I've been waiting for a comment like yours to show up, Ojos!


----------



## horseshoe846

Isla Verde said:


> I've been waiting for a comment like yours to show up, Ojos!


Personally - I wish all of these conversations were in Spanish... (I need the practice).


----------



## surabi

ojosazules11 said:


> I agree, Turtle. I don't have much of a sweet tooth, but one of my favourite candies growing up were Jolly Rancher Watermelon Stix. When I moved to Canada in my early 20's, they had other Jolly Rancher flavours, but not watermelon. Every time I went back to the US to visit, I would stock up on the watermelon JRs.
> 
> And now every time I go to Mexico, my kids ask me to bring back Mexican candies, especially Pelón Pelo Ricos. The flavour of Mexican candies are part of their childhood "taste memories" (and some of their Canadian friends, because they would always share).


You might want to Google search the extremely high levels of lead found in Mexican candy.


----------



## Zorro2017

surabi said:


> You might want to Google search the extremely high levels of lead found in Mexican candy.


Get ready Surabi, they crucified me when I mentioned radiation and arsenic in the water in the state of Guanajuato. There are some here that get really disturbed when you report anything negative, even if it is true. My wife loves her ceramic, lead painted cookware which is the main source of exposure to lead in Mexico.

I can hear it now, 

"Do you live in Mexico City?" 

"Do you eat this candy?"

"Keep this doom and gloom away!"

Then they will attack the publication calling it a "******" source.

Just sayin.


----------



## ojosazules11

surabi said:


> You might want to Google search the extremely high levels of lead found in Mexican candy.

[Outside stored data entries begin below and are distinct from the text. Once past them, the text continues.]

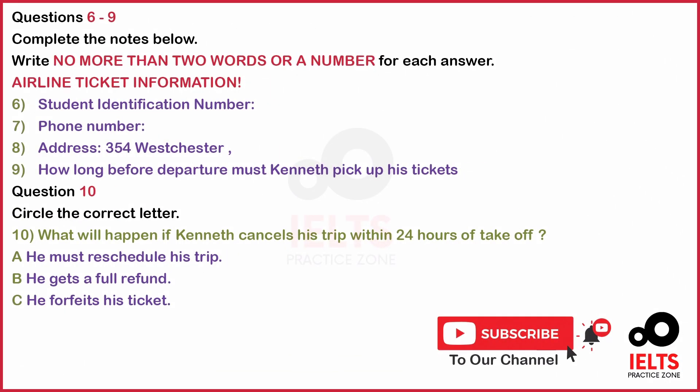Now look at questions 6 to 10. Now listen to the tape and answer questions 6 to 10.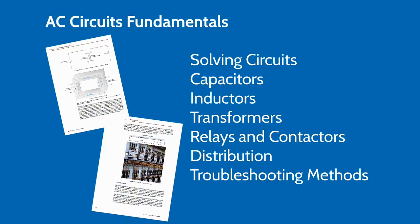In AC circuit fundamentals, students will understand and solve AC circuits, explore capacitors, inductors and transformers, and study magnetism and electromagnetism principles, as well as troubleshooting. The curriculum integrates all the theory required for the study of a particular topic, as well as hands-on exercises that reinforce the theoretical concepts and help students develop their skills.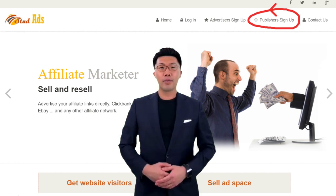Hello. If you wish to earn money as a publisher from studads.com, then here is what you need.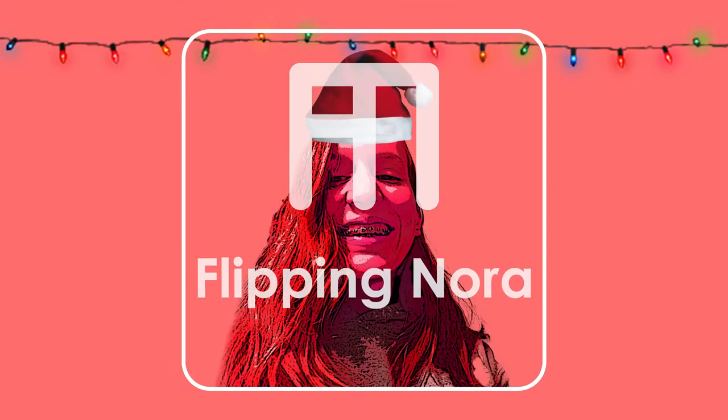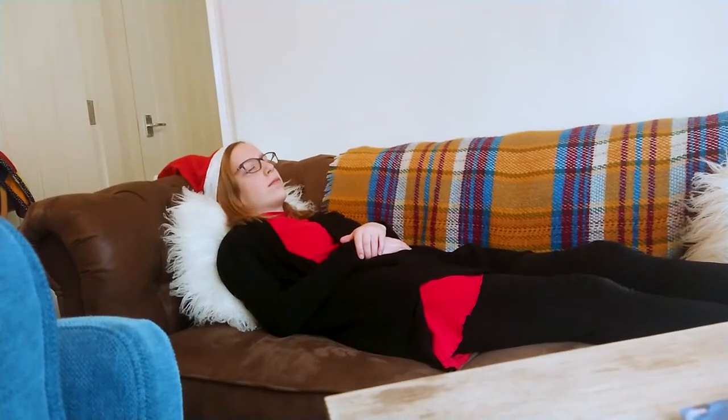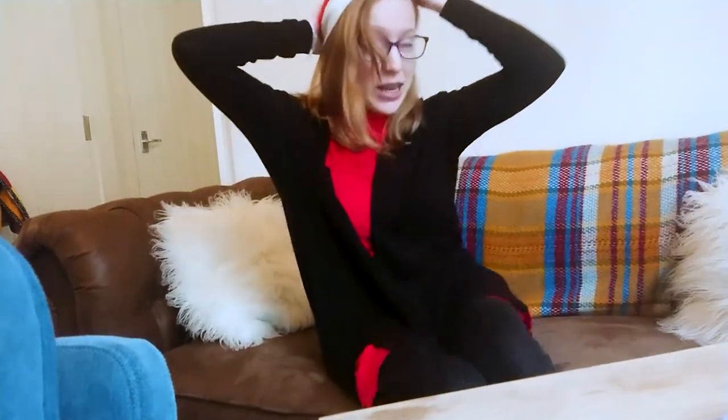Today we are doing the living room. First of all, we need to move around the sofas because there's not really a lot of room for the Christmas tree — it's quite a big tree — and we need to make lots of room to make it look fab and amazing. One of the sofas has been moved already, and the second one still needs moving.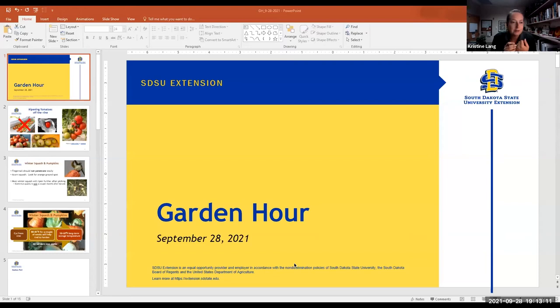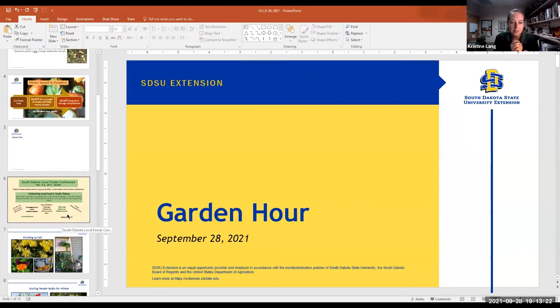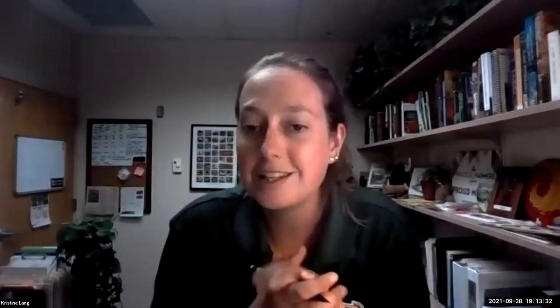Good evening, everyone. First, for our Master Gardeners on the call, thank you to those who joined us for the 2021 Master Gardener update in Huron. We talked about everything from tomatoes to plant propagation, and had a great discussion about daylilies from Paul Owen from North Carolina. It was a great event. For those thinking it sounds fun, we would love to have you join Master Gardeners next year and come to the Master Gardener update.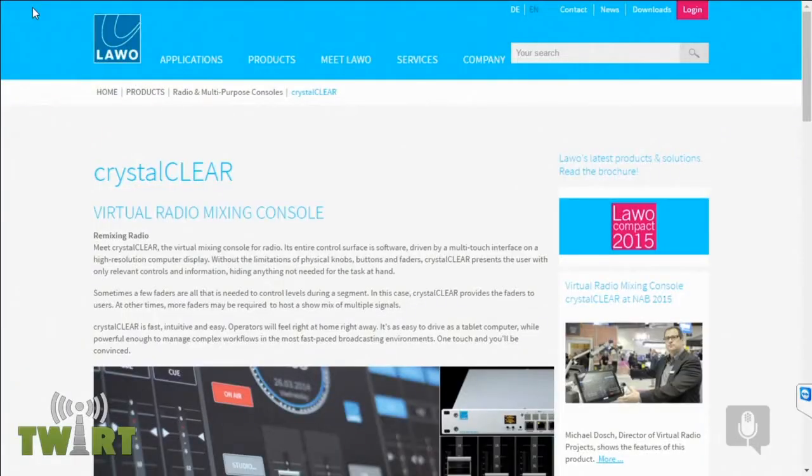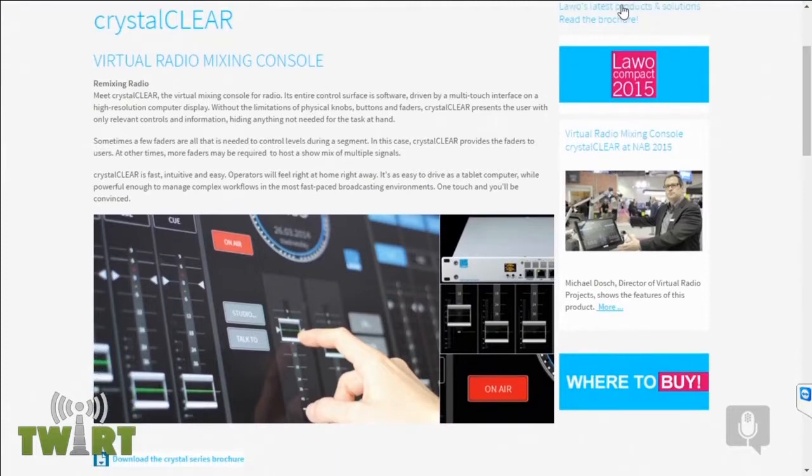Our show is brought to you in part by the folks at Lavo — L-A-W-O — at lawo.com. They make audio consoles, typically great big consoles, but Lavo also makes a radio console: the Crystal Series. Part of that series is the Crystal Clear audio console. The heart of it is a one-rack unit box that goes in a rack where you plug your audio inputs and outputs, with dual redundant power supplies and a network connection that speaks Ravenna or AES67.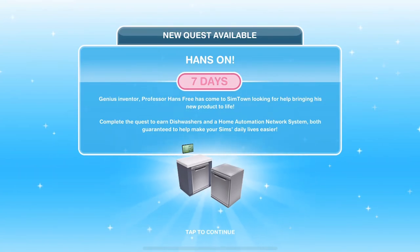Hi guys, my name is Gunnar Gemsville and welcome to a walkthrough of the new quest available in Sims 3 Play, the Hands-On Quest. This quest is available from the 12th of September 2018. You need to make sure that you have got your game updated to the latest version and when it's available you will get this pop-up.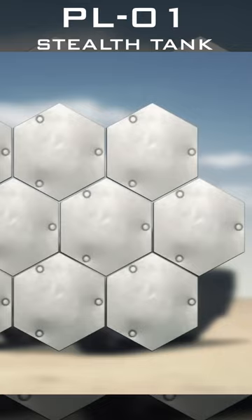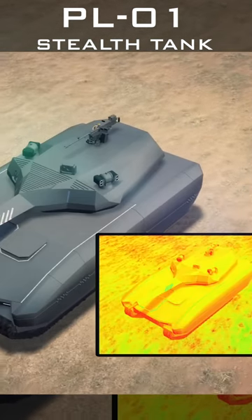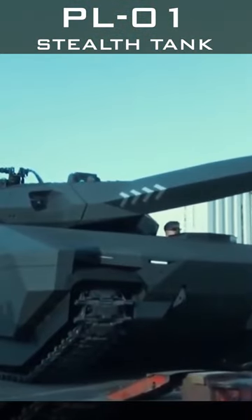It also uses a cooled wafer mounted on the hull and turret to increase its stealth technology camouflage. These technologies allow the PL-01 to match the infrared signature of its environment to confuse the tracking systems of weapons that use infrared.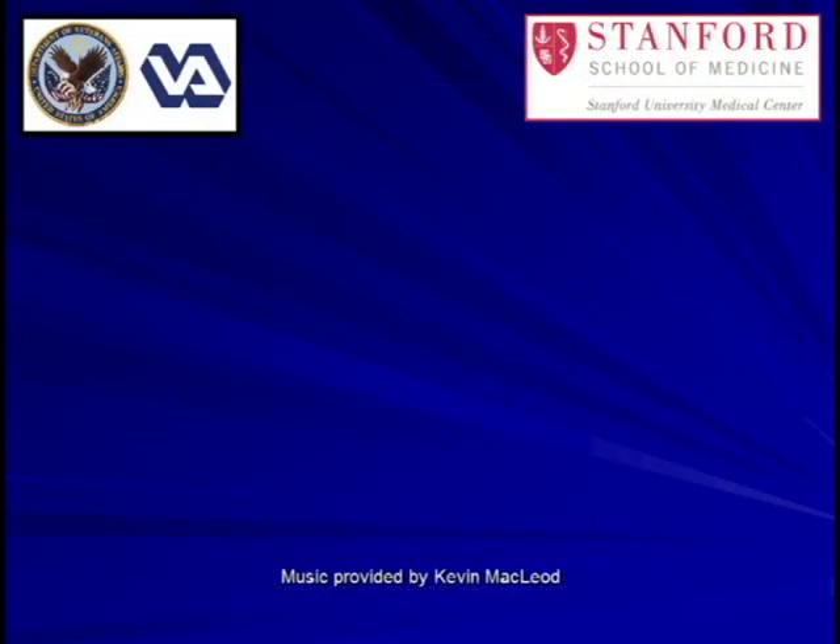I hope you have found this lecture on the physical findings of aortic regurgitation both interesting and useful. Once again, this is Eric Strong of the Palo Alto Veterans Hospital and Stanford University.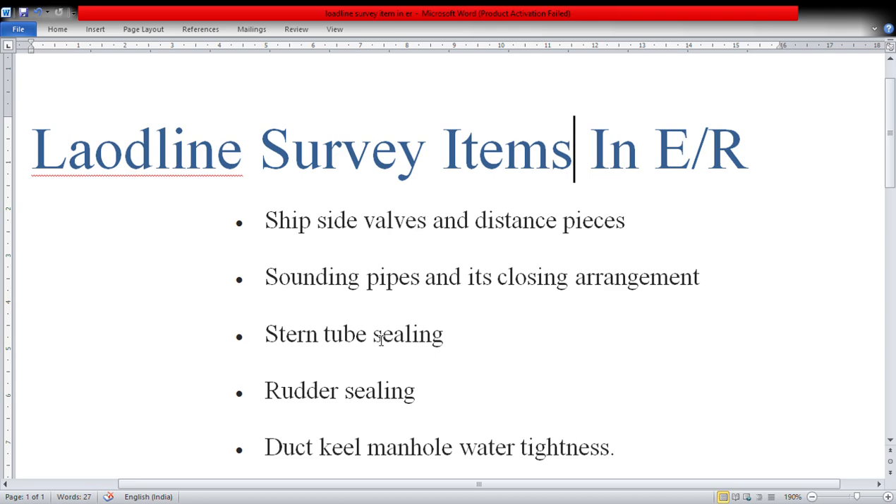Those items are: ship side valves and distance pieces, sounding pipes and their closing arrangement — I have already covered sounding pipe regulations in a separate video — stern tube sealing, rudder sealing, and duct keel manhole watertightness. These are the different items that are checked during an engine room load line survey.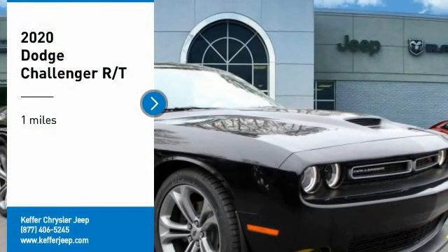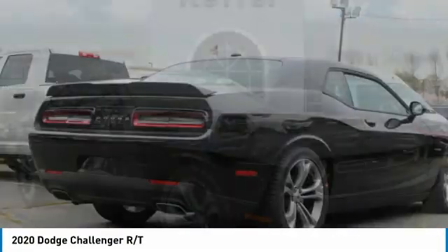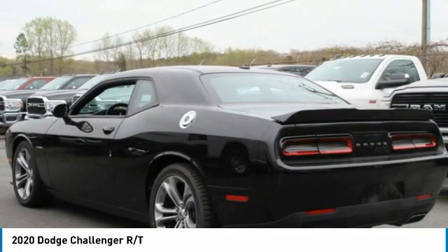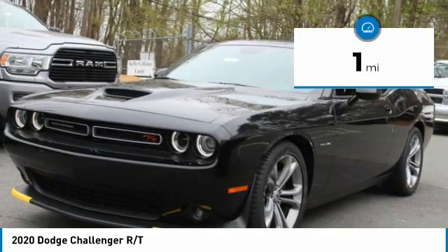Take a ride in the 2020 Challenger, rated most appealing midsize sports car by JD Power and Associates. The Dodge Challenger delivers on style and performance — it's powerful, practical, and efficient. This vehicle has less than 100 miles.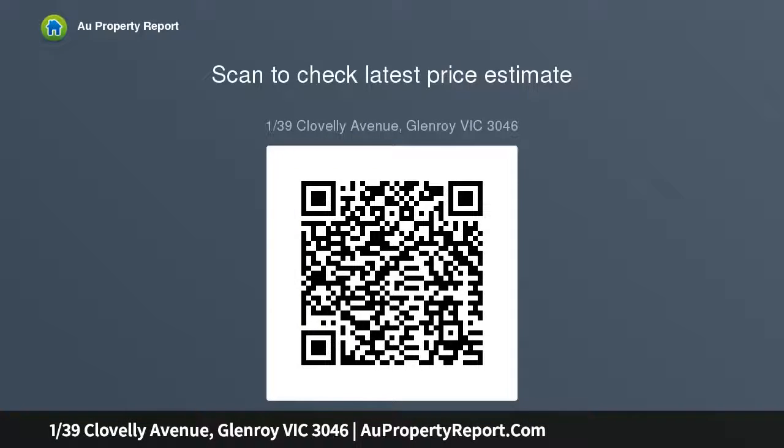Spacious villa-style unit, two separate living spaces, quiet boutique block of four — brilliant position in the heart of Glenroy with shops and trains a short walk away, three bright bedrooms, two with built-in robes, and a large central bathroom with separate rooms.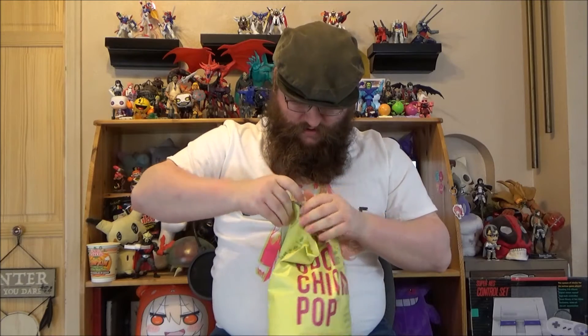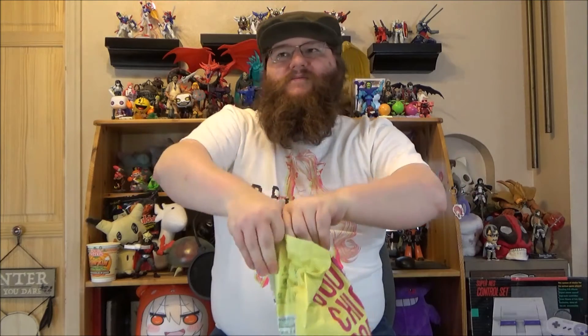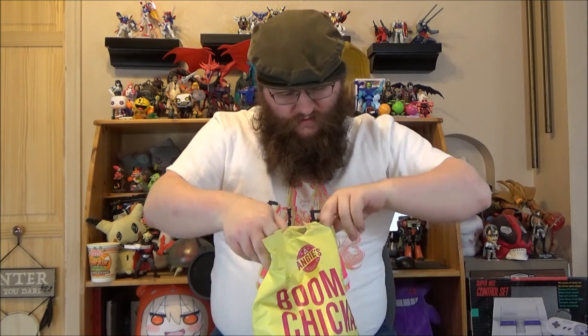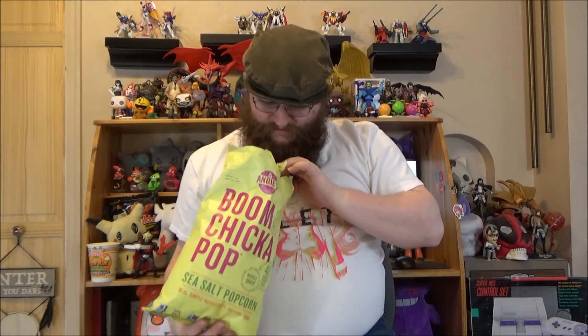Getting it open is the hard part. That smells like popcorn already. There we go, I got it open guys. And yeah, that is popcorn.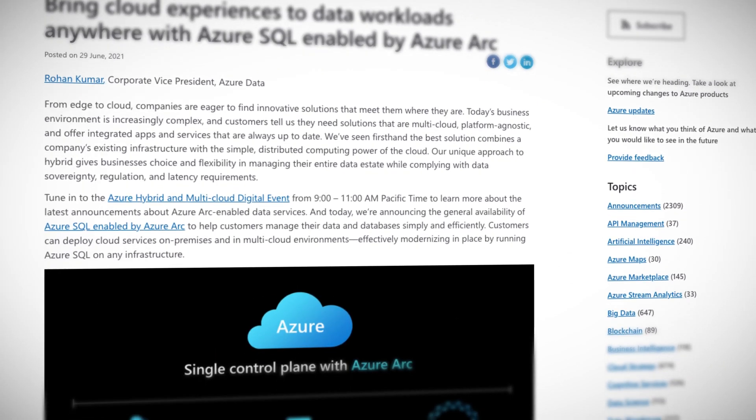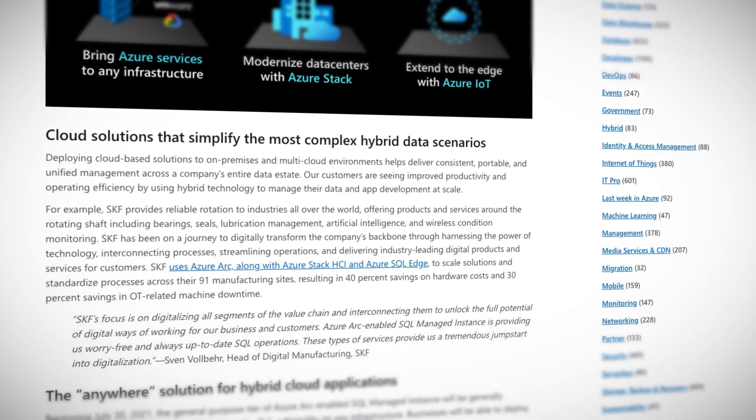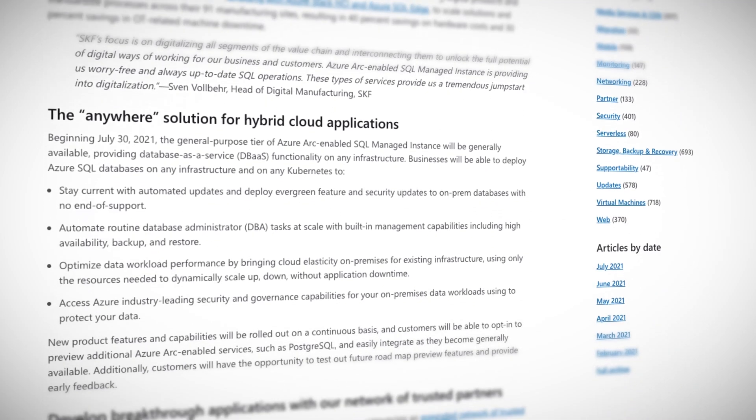To make Azure truly multi-cloud, you can use the Arc service. It lets you bring Azure services to any infrastructure and even extend your network to the Azure IoT edge computing network as well. Beginning July 30th, 2021, the general purpose tier of Azure Arc enabled SQL Managed Instance will be generally available, providing database-as-a-service functionality on any infrastructure. This means you can deploy Azure SQL on any infrastructure and any Kubernetes cluster — another way to build a hybrid cloud infrastructure. If you want to learn more about Azure Arc, check out the Azure service spotlight episode on the service. Link is in the description.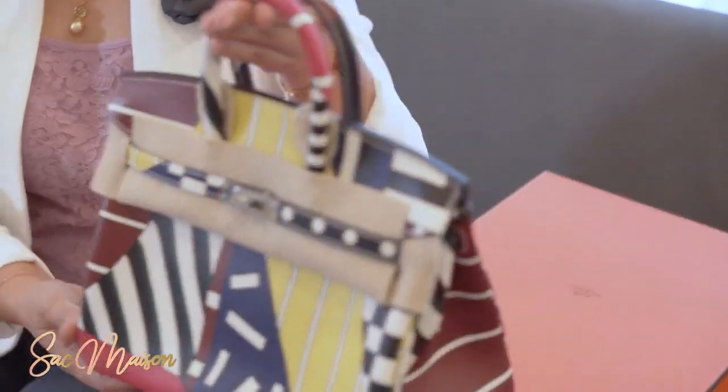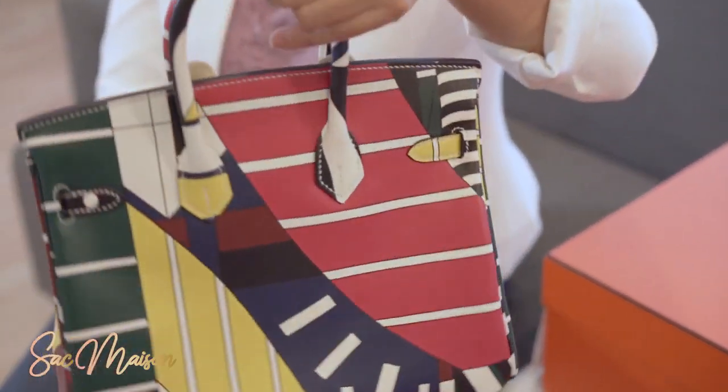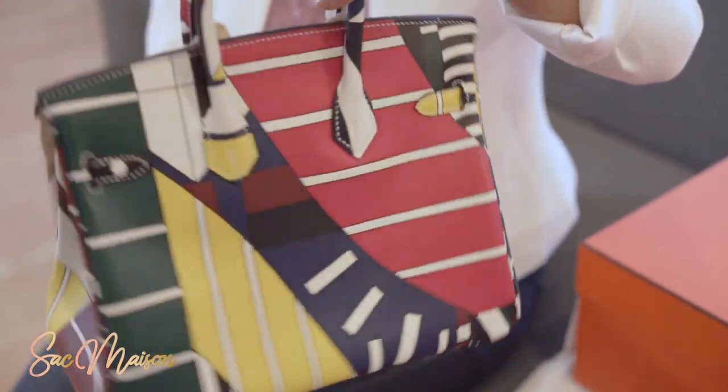Let's look at this very cute Birkin 25. It's printed on swift calfskin leather with an abstract sailboard design in very rich, glorious colours.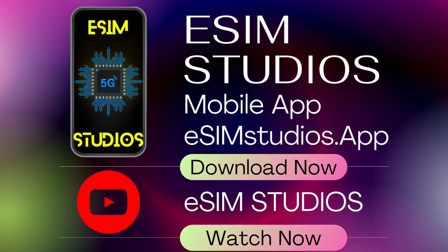Download the eSIM Studios mobile app at simstudios.app and find us on YouTube by simply searching eSIM Studios.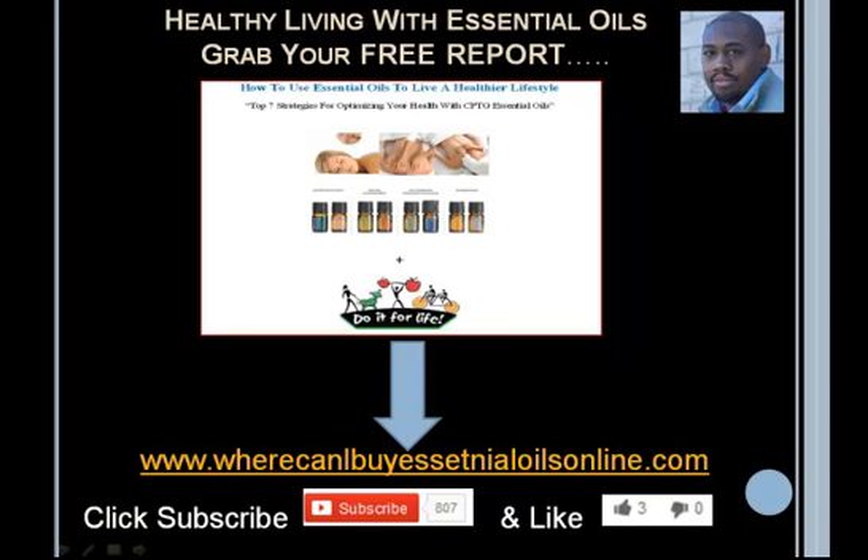The free report is a great way to get education and information to get started learning more about essential oils, and it's totally free. Take care and God bless. You'll also get a chance to see a webinar that is about 30 minutes long — that's a little bonus treat. See you on the inside, take care and God bless.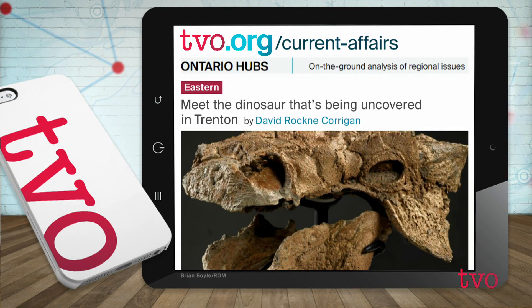When can I see Zuul? You're going to want to go to the Royal Ontario Museum after Saturday, December 15th, and the exhibit runs until May of 2019. So you do have some time, but it is opening soon.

Thanks, surabi. This was not even on my radar - I never would have thought of tamarind or chiles as a source of lead. Lead glazed pottery, yes, but not candy. 

Fortunately a Google search shows that the 2 kinds I most buy for my kids are on the safe "lead-free" list: Pelon Pelo Rico and Pulparindo. 
http://www.environmentalhealth.org/images/PDF/Lead-Free%20Candy%20flier%20for%20organizers-FINAL2.pdf

Here's a link to an article in Spanish which named a few of the worst offenders. I'm glad I didn't buy the Tutsi Pops. I'm going to track down the full list, so I don't inadvertently buy any with lead. Or I'll just stick with Pelon Pelo Ricos.

Detectan altas concentraciones de plomo en dulces mexicanos

Thanks, again. I'm also going to let my stepson and daughter-in-law in México know, as well as my nieces with young kids, so they know which candies to avoid.


----------



## ElPocho

surabi said:


> Thanks for the education, Isla Verde (I could have looked it up online, but was being lazy). Lived in Israel 1967-69.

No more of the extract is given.